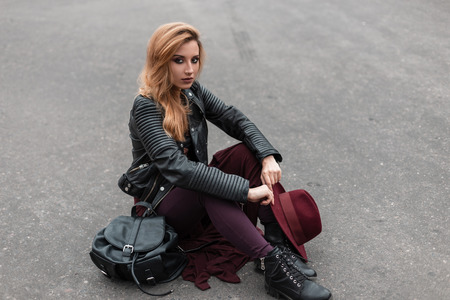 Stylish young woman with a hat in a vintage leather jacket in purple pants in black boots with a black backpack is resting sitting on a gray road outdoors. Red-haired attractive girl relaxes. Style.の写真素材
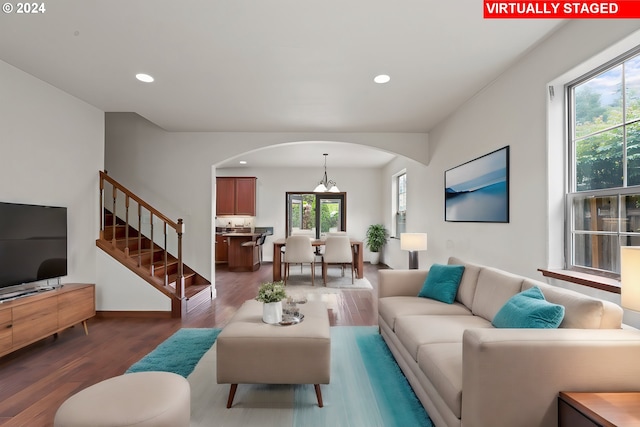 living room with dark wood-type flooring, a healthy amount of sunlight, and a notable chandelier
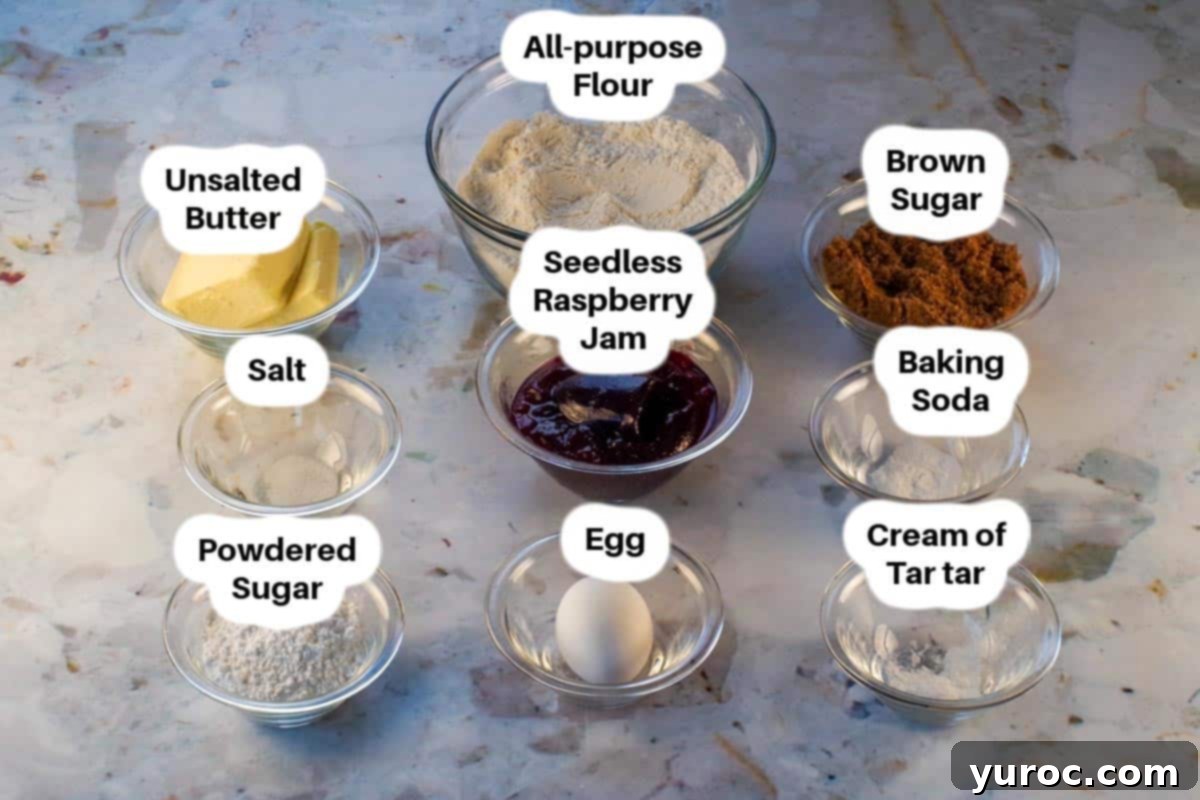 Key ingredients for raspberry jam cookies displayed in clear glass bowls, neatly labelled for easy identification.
· · · ·
Leave the pictures out and copy the rest of the data exactly.

 Stylish young woman with a hat in a vintage leather jacket in purple pants in black boots with a black backpack is resting sitting on a gray road outdoors. Red-haired attractive girl relaxes. Style.の写真素材
 living room with dark wood-type flooring, a healthy amount of sunlight, and a notable chandelier
 Key ingredients for raspberry jam cookies displayed in clear glass bowls, neatly labelled for easy identification.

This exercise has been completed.